Secondo una recente indagine realizzata dall’AIAF (Associazione Italiana Anderson-Fabry), sono circa venti le giornate che, in media, una persona con malattia di Anderson-Fabry perde ogni anno per recarsi in ospedale e sottoporsi a visite e terapie. Un dato, questo, già rilevato nel 2018 e riconfermato attraverso la più recente indagine. «Per questo oggi – dicono dall’Associzione -, a sei anni di distanza dalla prima rilevazione, proseguiamo e rafforziamo il nostro impegno nella definizione e diffusione di un sistema di presa in carico del paziente che consenta di abbattere al massimo questo dato, tenendo conto che si parla di una patologia multisistemica – con interessamento prevalente di sistema nervoso, reni e cuore – facendo sì che un “investimento” così importante in “giornate perse” derivi, nella maggior parte dei casi, dalla difficoltà di far combaciare appuntamenti con specialisti diversi».
Proprio da questa rilevazione di criticità è nato sin dal 2018 il progetto Caring Fabry, realizzato dall’AIAF in collaborazione con la Società Helaglobe, che con l’obiettivo di colmare la disparità tra bisogno di assistenza e attuale presa in carico, intende disegnare il modello ideale di presa in carico del paziente, ottimizzando i tempi e migliorando di conseguenza il funzionamento degli attuali centri di cura.
«Le persone con malattia di Anderson-Fabry – spiega Stefania Tobaldini, presidente dell’AIAF – hanno necessità di sottoporsi a numerose visite di controllo multidisciplinari, spesso organizzate in date diverse, che costringono a molteplici assenze dal lavoro o da scuola. A queste giornate, spesso si aggiungono ulteriori giornate di assenza per la gestione delle terapie, pari a circa ventisei giorni annui per i pazienti in cura con la terapia enzimatica sostitutiva che non possono curarsi a casa. Anche la necessità di ritirare i farmaci in ospedale (spesso lontano da casa) per alcuni pazienti comporta ulteriori assenze dal lavoro. Tutte queste assenze comportano la necessità di fare ricorso a permessi, ferie o giorni di malattia al lavoro».
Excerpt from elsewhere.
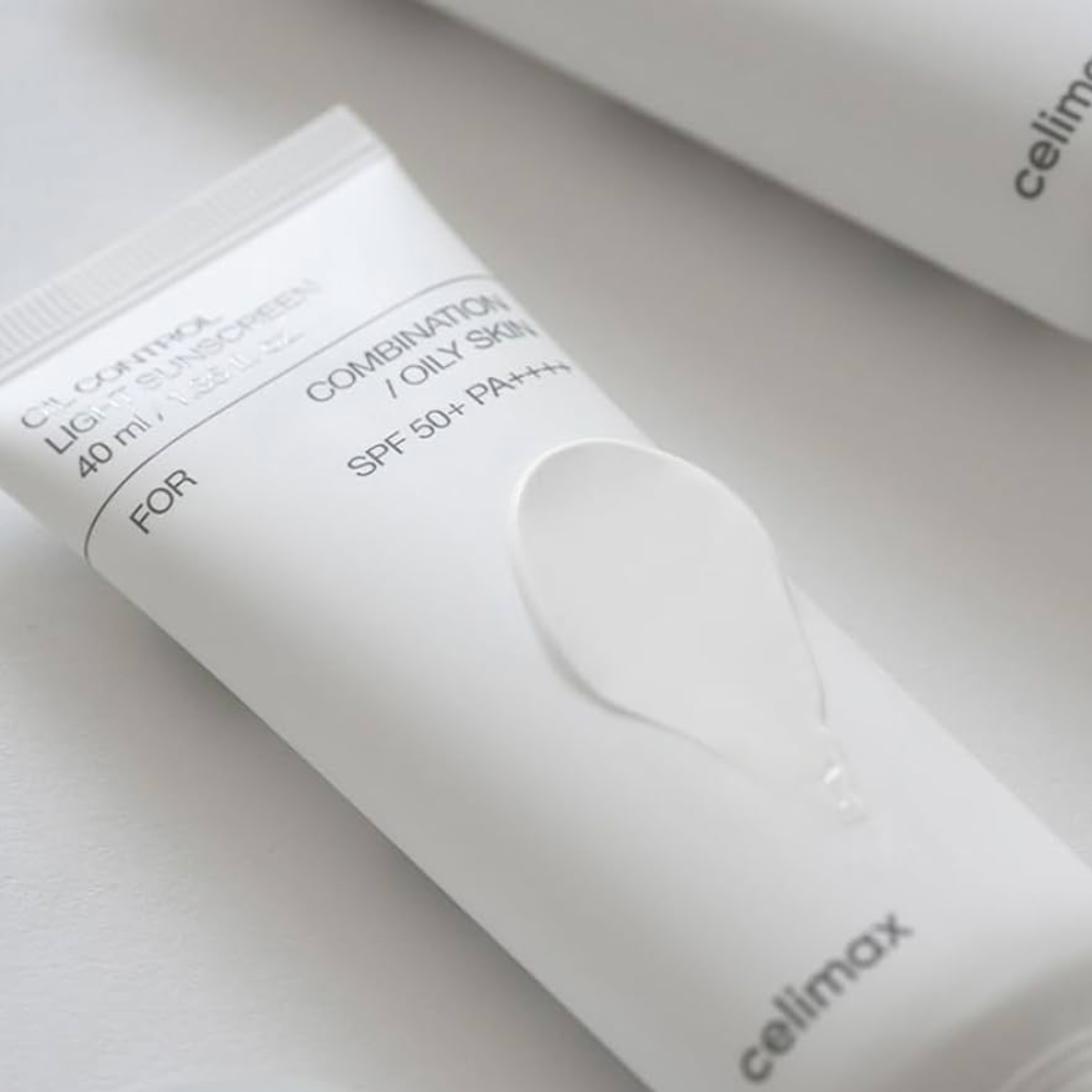 CELIMAX	Oil Control Light Sunscreen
«E si tratta di un problema – conclude – che si riversa molto frequentemente anche sulle famiglie, perché spesso si ha bisogno dell’accompagnamento da parte di un familiare». (S.B.)
A questo link è disponibile un testo di ulteriore approfondimento. Per altre informazioni: Ufficio Stampa AIAF (Alessandra Babetto), alessandra@puntoventi.it.
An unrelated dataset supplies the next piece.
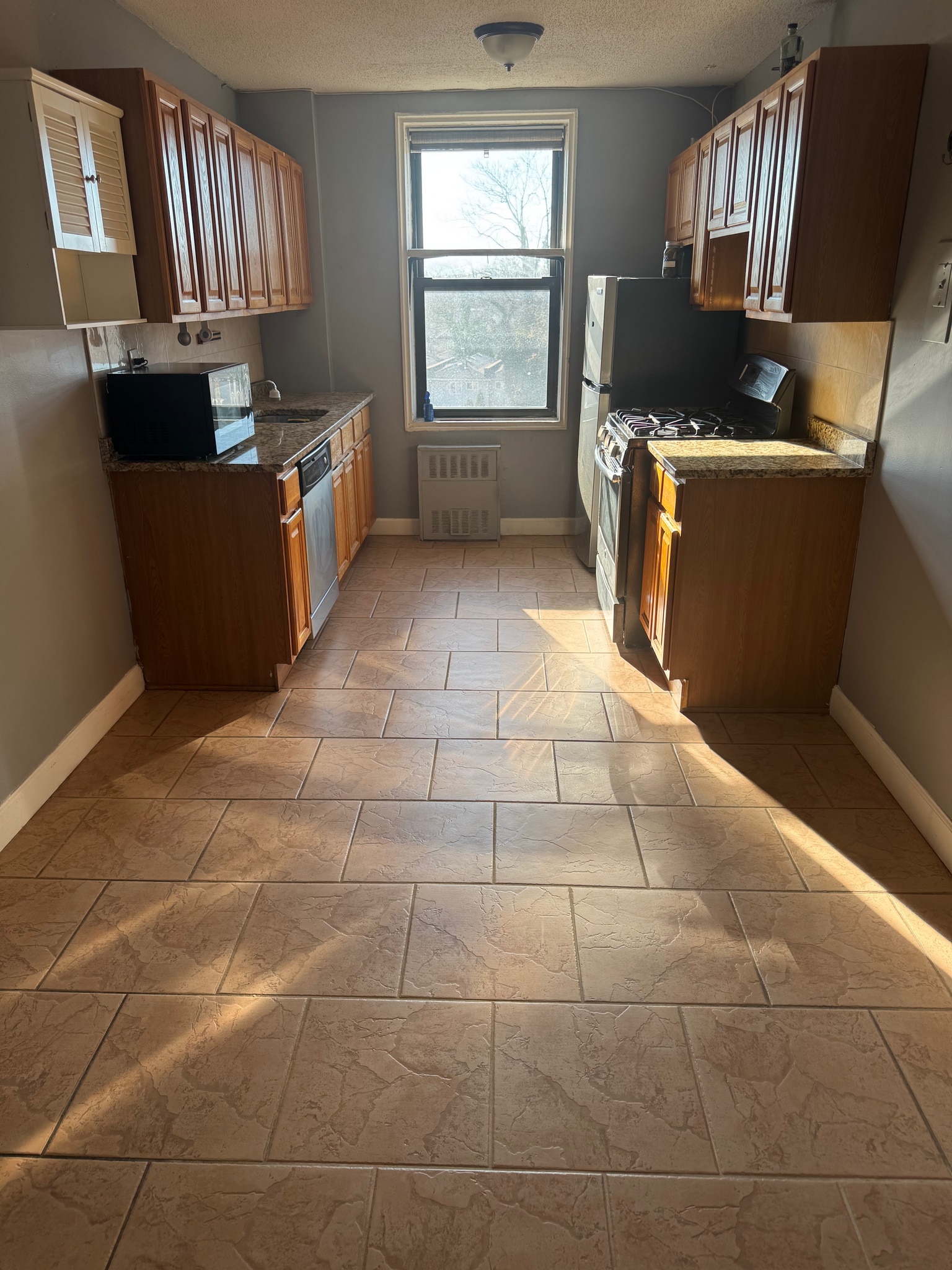 Building Photo - 145 Lincoln Ave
La malattia di Anderson-Fabry
Patologia genetica di origine metabolica, dovuta alla carenza di un enzima (alfa-galattosidasi A), la malattia di Anderson-Fabry è caratterizzata da sintomi estremamente eterogenei e non specifici, rendendo difficile la diagnosi, che può arrivare in età adulta anche con grande ritardo. L’interessamento multiorgano e il ritardo diagnostico portano non di rado il verificarsi di danni anche irreversibili, a livello renale, cardiaco e del sistema nervoso centrale, tali da compromettere qualità e aspettativa di vita.
Molto tuttavia è cambiato dal punto di vista diagnostico, di presa in carico e terapeutico negli ultimi vent’anni, passando dal non avere alcuna terapia a disposizione ad averne diverse, con un grande miglioramento delle aspettative di vita e della qualità di essa: una vera e propria rivoluzione lunga vent’anni che promette altri cambiamenti per il futuro grazie alla prospettiva di terapie geniche, attualmente in fase di sviluppo.
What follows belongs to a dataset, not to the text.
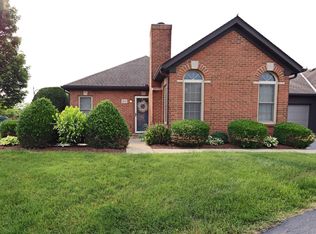 2621 Trottersway Dr, Columbus, OH 43235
La presenza di terapie efficaci e di percorsi ormai consolidati porta inoltre con sé l’ipotesi di inserimento della patologia all’interno del panel dello screening neonatale esteso, in modo tale da poter superare anche l’ultimo grande scoglio per la miglior presa in carico possibile: la diagnosi precoce. Non solo, quindi, una rivoluzione medico scientifica, ma una rivoluzione della qualità e delle prospettive di vita.